Szef resortu sprawiedliwości przedstawił dziś w Sejmie informację dot. wykorzystywania przez polskie służby systemu Pegasus. Minister Bodnar poinformował, że w 2023 roku właściwe organy skierowały 5973 wniosków o zgodę na kontrolę operacyjną, z których sąd zaakceptował 5835. Sądy odmówiły więc kontroli wobec 22 osób.
Ponadto Bodnar wskazał, że dzięki organizacji Citizen Lab opinia publiczna dowiedziała się, że inwigilacji poddane zostały osoby publiczne.
- „To jest dla mnie przykre, że nawet na tej sali zwracam się do osób, które zostały objęte inwigilacją”
- stwierdził.
Przekazał, że za pomocą Pegasusa przeprowadzono od 2017 do 2023 roku kontrole wobec 578 osób.
Ministrowi sprawiedliwości odpowiedział m.in. polityk Suwerennej Polski Michał Wójcik.
- „To taki jeden wielki kapiszon był. Balonik, który nadmuchano przez ostatnie dni. Miał pan podać opinii publicznej wstrząsające informacje, a podał pan mniej, niż podają media od rana”
- powiedział.
Dopytywał, ilu rzeczywiście polityków było poddanych kontroli operacyjnej przy użyciu systemu Pegasus.

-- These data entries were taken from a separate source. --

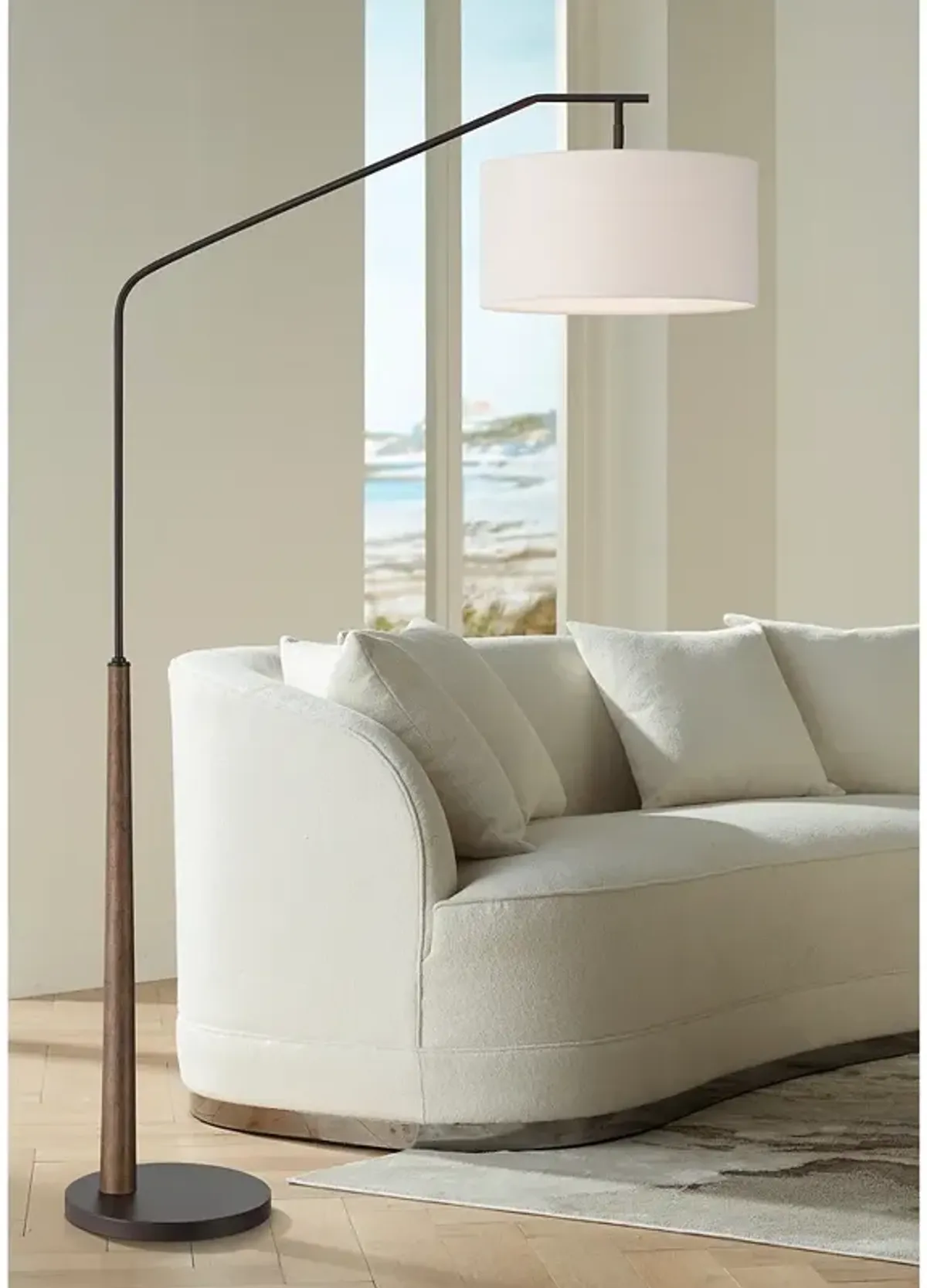 Franklin Iron Works Kipling 76" Bronze and Wood Arc Floor Lamp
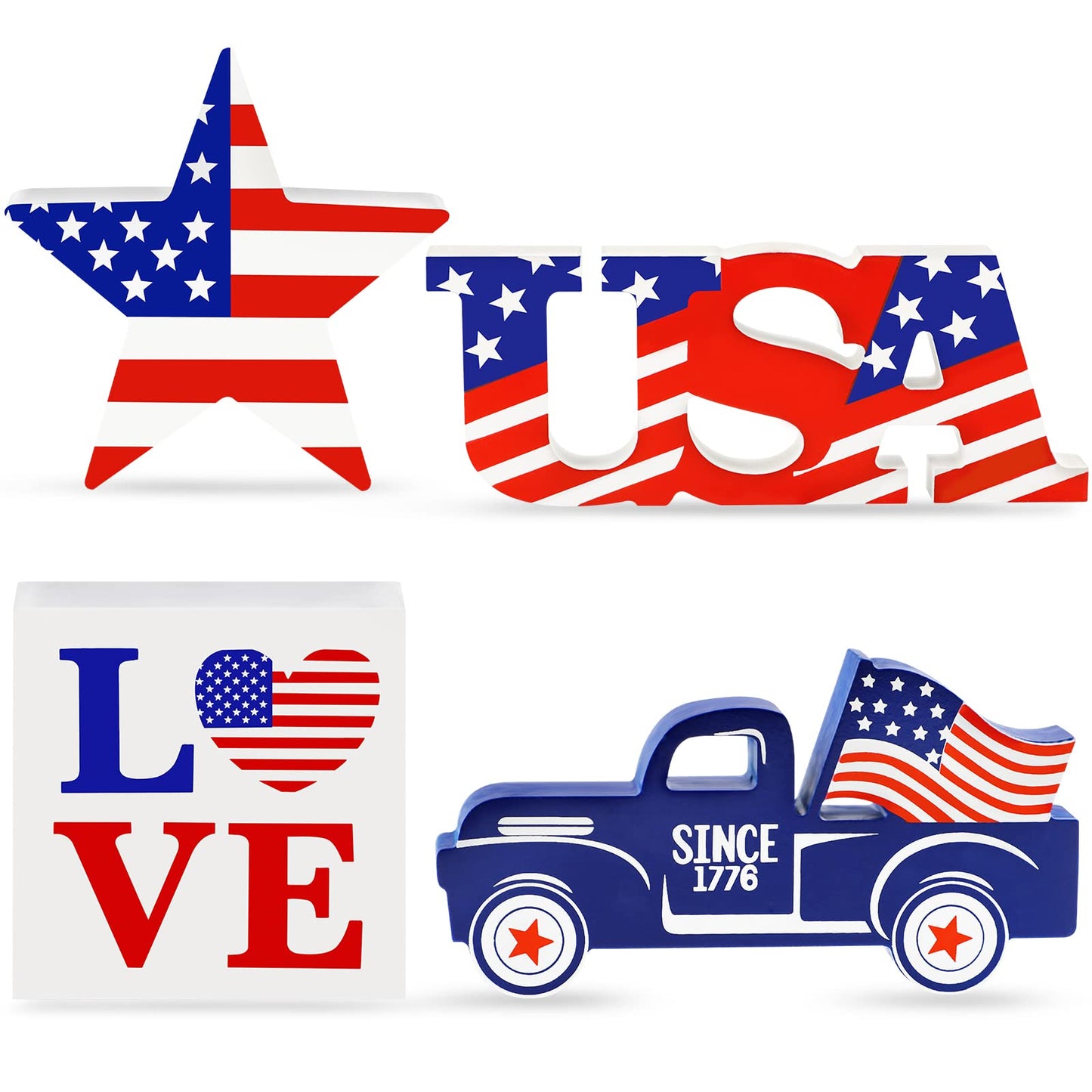 4th of July Decor Patriotic Decorations 4Pcs Wooden Star USA LOVE Car Sign Fourth of July Table Decorations Memorial Day Red White and Blue Decor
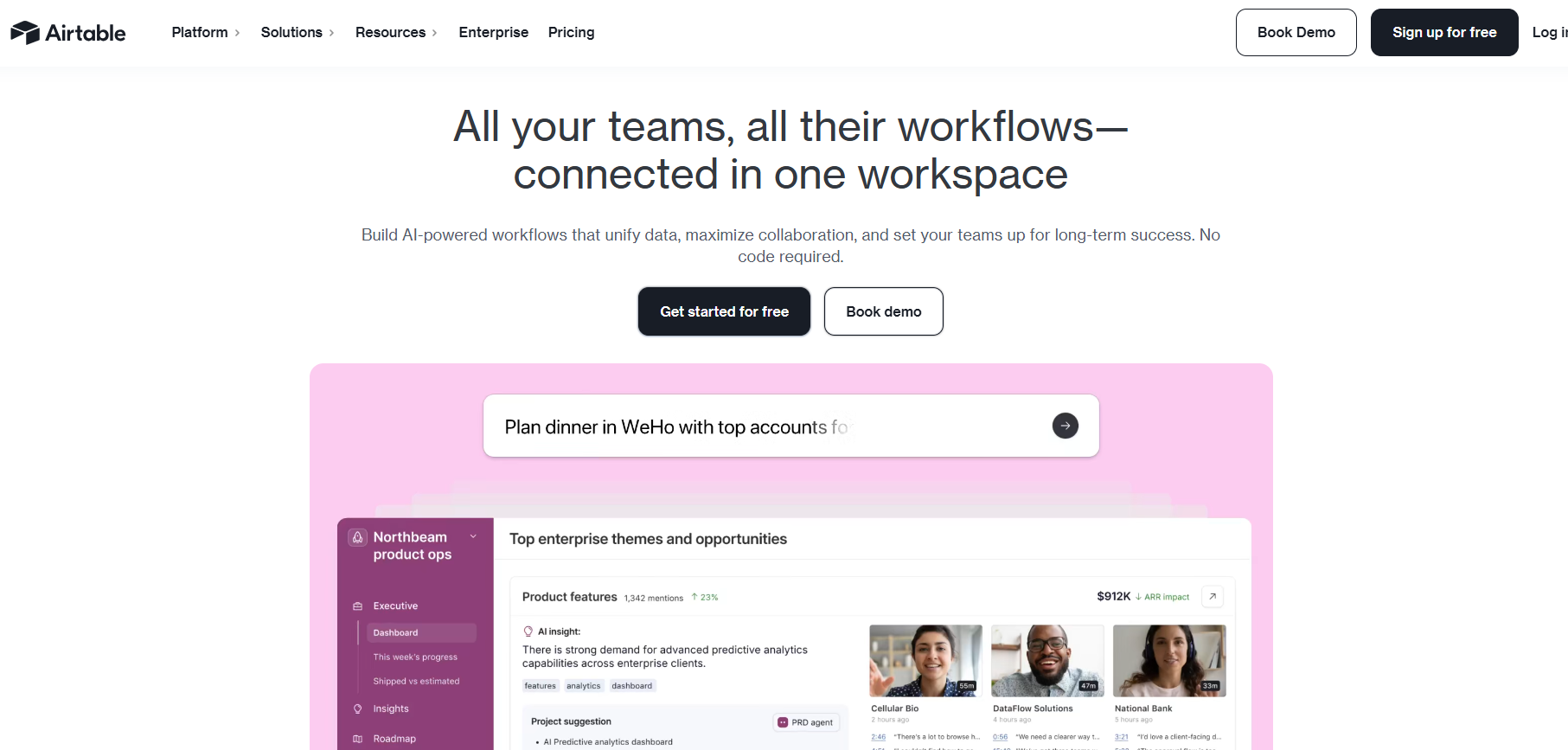 Airtable home page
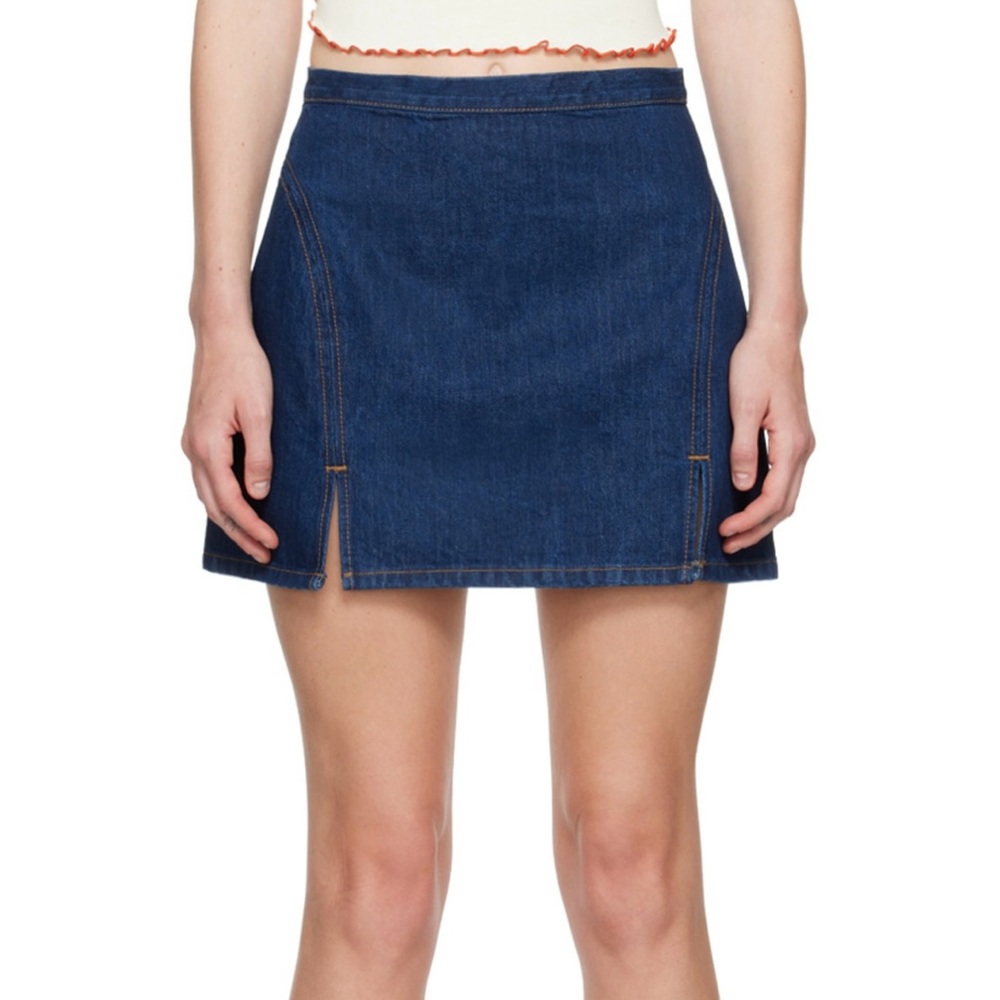 Re/Done Split Front Denim Skirt
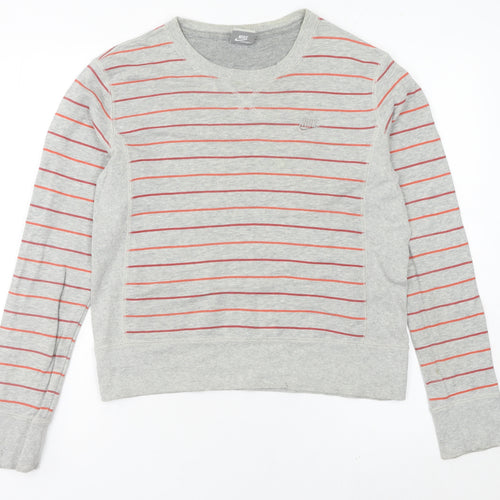 Nike Womens Grey Striped Sweatshirt UK 10 Crew Neck Long Sleeve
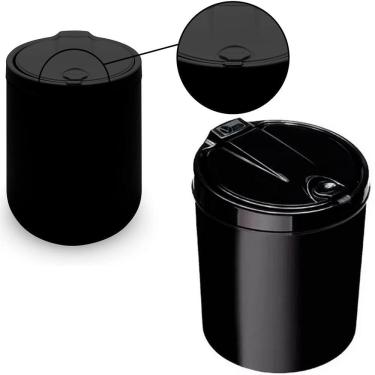 Imagem de Lixeira de Pia Cesto de Lixo 3 litros Plástica Click Cozinha Preta com Tampa Viel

- „Pan mówi, że zespół śledczy będzie przekazywał na bieżąco informacje opinii publicznej. I to jest istota działania. Wy gracie tym! Wie pan, jaka jest najważniejsza informacja z pańskiego przemówienia? To, że wszystkie podsłuchy były legalne! Nie powiedział pan, że były nielegalne, więc jako osoba inteligentna sobie to dopowiedziałem”
- dodał.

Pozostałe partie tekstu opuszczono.